Discussion in 'Homework Help' started by omerysmi, Oct 4, 2015.

1. ### omerysmi Thread Starter Member

Oct 10, 2014
55
0
Hi,
I have an exercise which i need to detect a block of odd number of '0's, and then the output will be 1.
for example if i get "10001" the output will be '1' after "000".
X: 10001
Y: 00010

I need to implement it with mealy state machine (X is input, Y is output).
This is what i did, Does it right?

Last edited: Oct 4, 2015
2. ### Papabravo Expert

Feb 24, 2006
11,737
2,483
Your specification is ambiguous and I think the diagram is wrong. In a string three zeros there are two subblocks with an even number of zeros. According to your specification the output should be high for two clock cycles and then go low. Is that the way you see it as well? How about arrowheads on the transition arcs to show the direction. How about showing the state transition table?

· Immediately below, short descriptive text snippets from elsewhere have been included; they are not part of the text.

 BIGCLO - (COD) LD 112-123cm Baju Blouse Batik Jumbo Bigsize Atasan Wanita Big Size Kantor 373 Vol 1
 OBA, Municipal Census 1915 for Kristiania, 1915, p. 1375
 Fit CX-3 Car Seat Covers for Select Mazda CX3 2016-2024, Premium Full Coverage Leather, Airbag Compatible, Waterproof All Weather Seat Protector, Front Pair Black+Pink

3. ### omerysmi Thread Starter Member

Oct 10, 2014
55
0
Maybe this is right? because a single '0' is not considered as "block" no?

4. ### JSCV New Member

Oct 3, 2015
22
3
As Papabravo mentioned you are not really clear in your specification.
When should the output become '0' again ?
What if there are more than 3 consequential '0' ?
should the output only be '1' when the number of '0' is even (2,4,6,8).

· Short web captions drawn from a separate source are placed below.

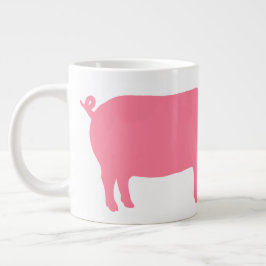 Taza De Café Grande Silueta de cerdo rosa | Fun Farm Animal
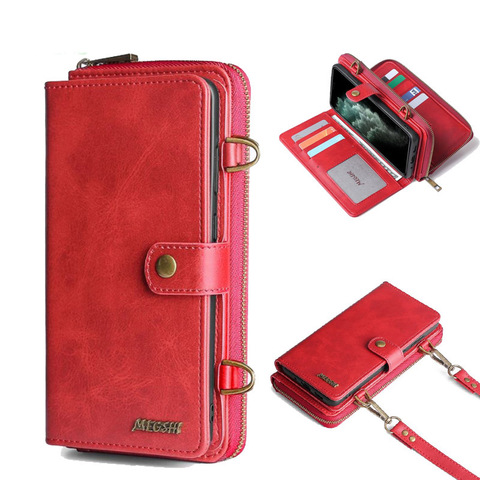 Zipper Wallet Phone Case For iPhone 11 Pro Max X XR 6 6S 8 7 Plus Flip Leather Case For iPhone XS Max SE 2022 Soft Case Stand ► Photo 1/6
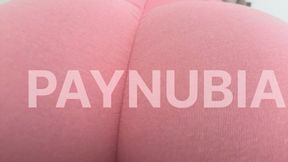 PayNubia's Reward: Big Ebony Assjob in Pink Shorts — How Long Would You Last?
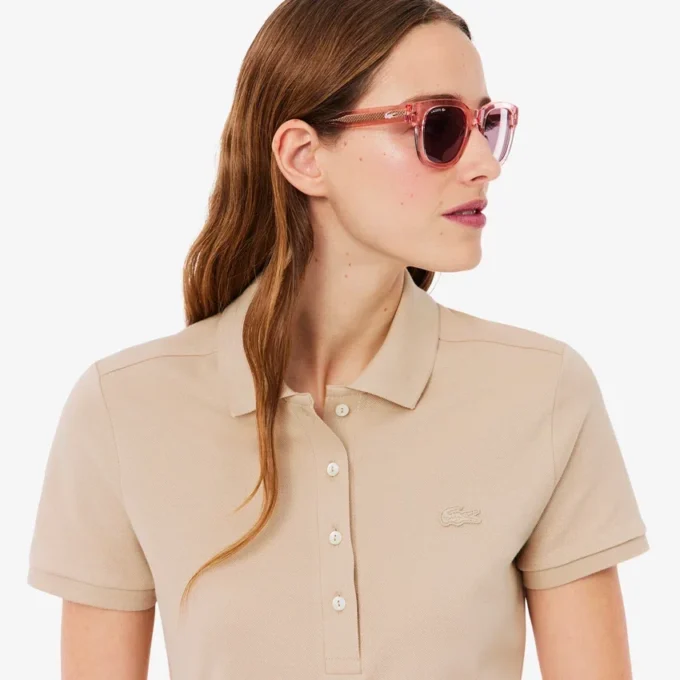 Slim fit stretch mini piqué Polo jurk voor dames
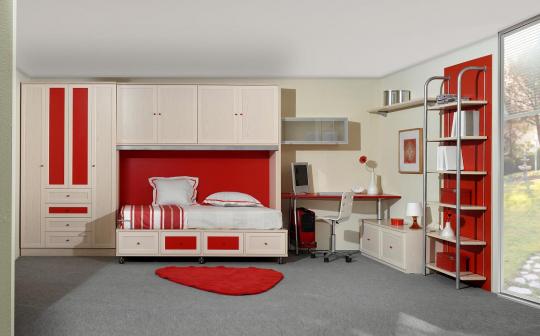 dormitorio juvenil pino dkp y rojo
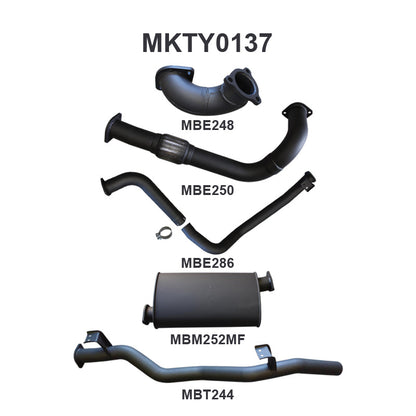 Manta Exhaust System - LandCruiser HZJ75/HZJ78 4.2L 1HZ Diesel - Aftermarket Turbo - MKTY0137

With the description you gave nobody is able to give you a correct answer.

5. ### WBahn Moderator

Mar 31, 2012
23,175
6,978
This makes no sense. Why would the output be 1 after "000" when you are trying to detect blocks of even number of '0's?

Neither of your diagrams indicate the start state -- that's a rather important piece of information.

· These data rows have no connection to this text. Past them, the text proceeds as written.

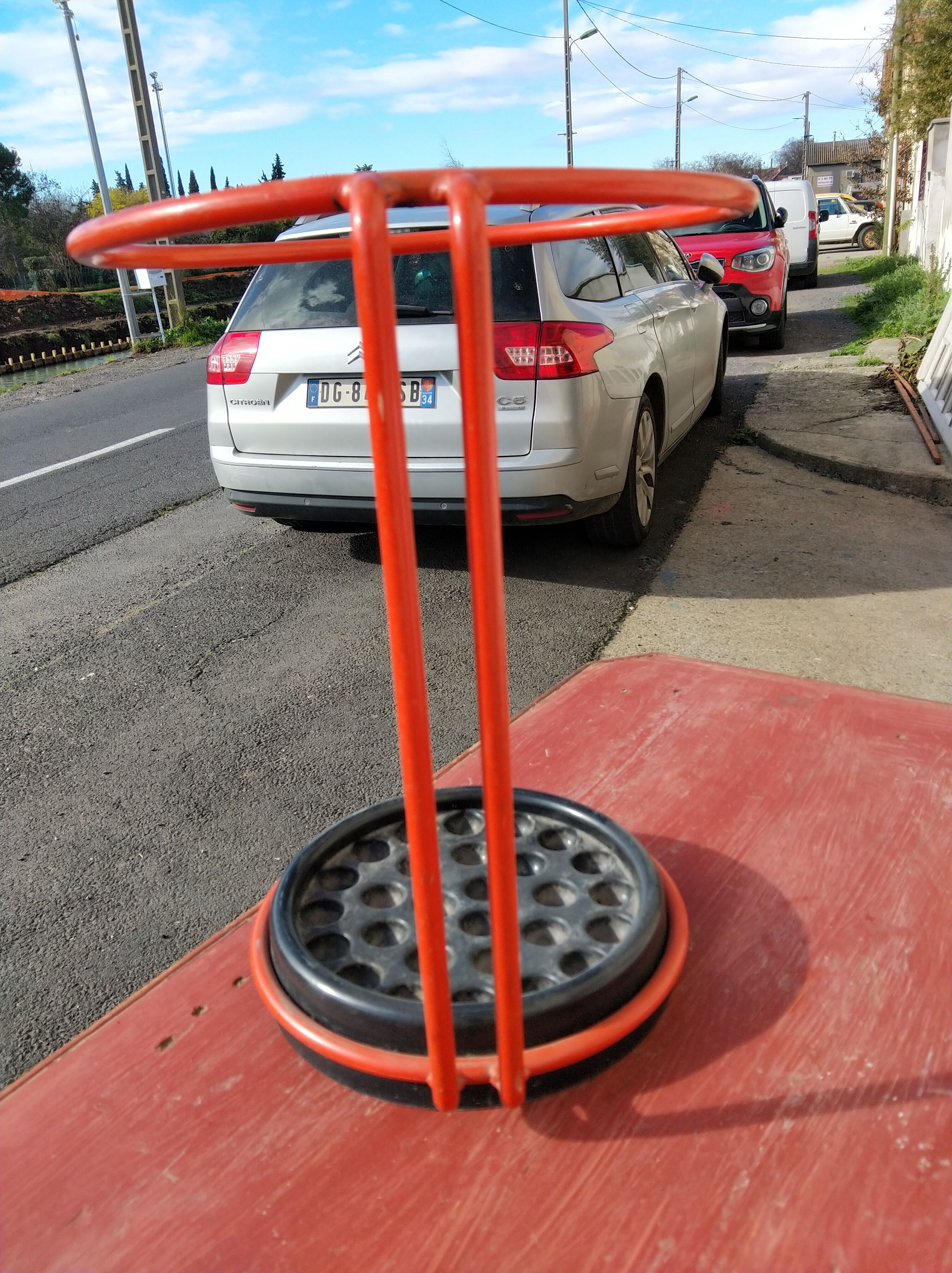 Umbrella stand and walking sticks circa 1970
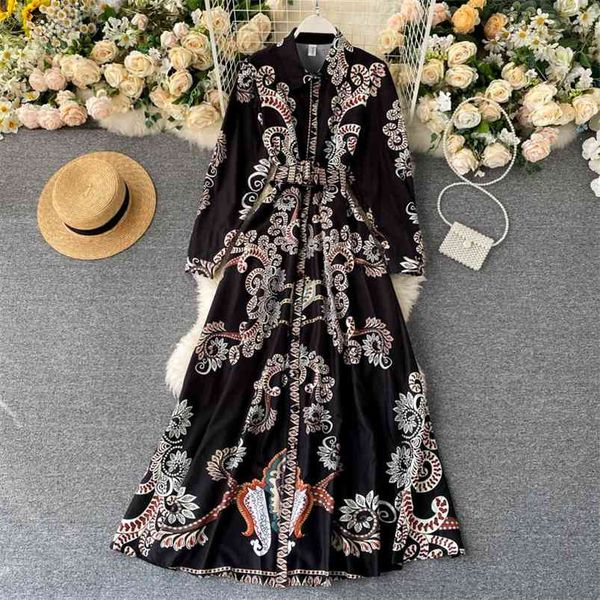 

spring autumn women's dress retro print lapel puff sleeve korean mid-length female es gx086 210507, Black;gray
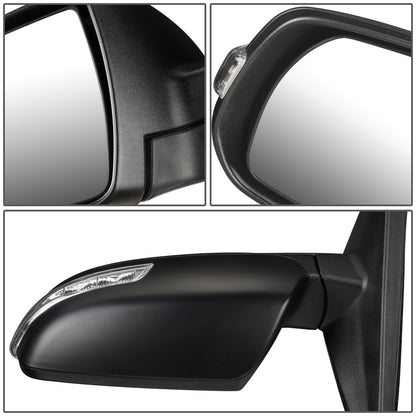 RETROVISOR MIRROR - OEM - 11-13 KIA SORENTO - POWERED - HEATED - W/ SIGNAL LIGHT - FOLDING - BLACK - LEFT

6. ### omerysmi Thread Starter Member

Oct 10, 2014
55
0
Sorry is my mistake it should detect odd number of zeros.
Anyway, the problem is that i don't know if a single '0' considered as a "block of zeros".

7. ### WBahn Moderator

Mar 31, 2012
23,175
6,978
Actually, I think it's my mistake and that I misread your original post.

Given the example output, it would appear that it shouldn't consider a single 0 as a block.

But should it give "false" indications for blocks greater than three? The example output goes HI as soon as the third 0 is seen, but what if it turns out that this is a block of four 0's. It can't tell the future, so it would appear that it must. For instance, if should probably get

X = 10.00.00.00.01.00.01.0
Y = 00.01.01.01.00.00.10.0

I put in periods just to make it easier to match up the two strings.

Does that agree with your understanding?

8. ### omerysmi Thread Starter Member

Oct 10, 2014
55
0
I think it should be like your example, but i am not sure about a single zero..

This is the diagram if so (single zero is not considered as a block of zeros)

and this is the diagram if a single '0' is included:

9. ### WBahn Moderator

Mar 31, 2012
23,175
6,978
SHOW THE DAMN START STATE!

10. ### omerysmi Thread Starter Member

Oct 10, 2014
55
0
I didn't understand you..

11. ### Papabravo Expert

Feb 24, 2006
11,737
2,483
Your machine needs a state to start in. Such a state is often the one you go to in response to a RESET signal. If you don't have such a state the machine can come up in an arbitrary and possibly unrecoverable state. This is especially true in cases where the behavior depends on the history of states the machine has traversed.

12. ### omerysmi Thread Starter Member

Oct 10, 2014
55
0
A is the start state

13. ### WBahn Moderator

Mar 31, 2012
23,175
6,978
You generally indicate the start state with at least an arrow coming from nowhere and pointing at the start state. Frequently this is labeled with the name of the signal that will send it there from any other state (such as RESET). That's just a common convention to avoid cluttering the diagram. The strict way is to have a label coming from each state to the start state explicitly. This approach is particularly important when some states don't respond the same way to a reset signal. For your exercise, just showing an arrow pointing to the start state should suffice.

14. ### omerysmi Thread Starter Member

Oct 10, 2014
55
0
Ok i understand you..in my diagram A is the start state

Anyway the problem is that if for example i have an even number of zeros the output will be also '1' after the first '0'. like here:
X: 1110011
Y: 0001000

You understand what i mean? there is no odd number of zeros and the output is also '1'.

Last edited: Oct 5, 2015
15. ### WBahn Moderator

Mar 31, 2012
23,175
6,978
This is going to be a problem as long as you are supposed to assert the output HI while one of the zeros in the sequence is present. The machine has no way to foresee the future and so it doesn't know if the next bit will be a zero or a one. So a HI can only be interpreted as meaning, "As of right now, the length of the present sequence of zeros is odd."

16. ### omerysmi Thread Starter Member

Oct 10, 2014
55
0
If the machine wait until '1' appear after sequence of zeros it will solve the problem but if for example there is not '1' after zeros like here: "1001000" you understand?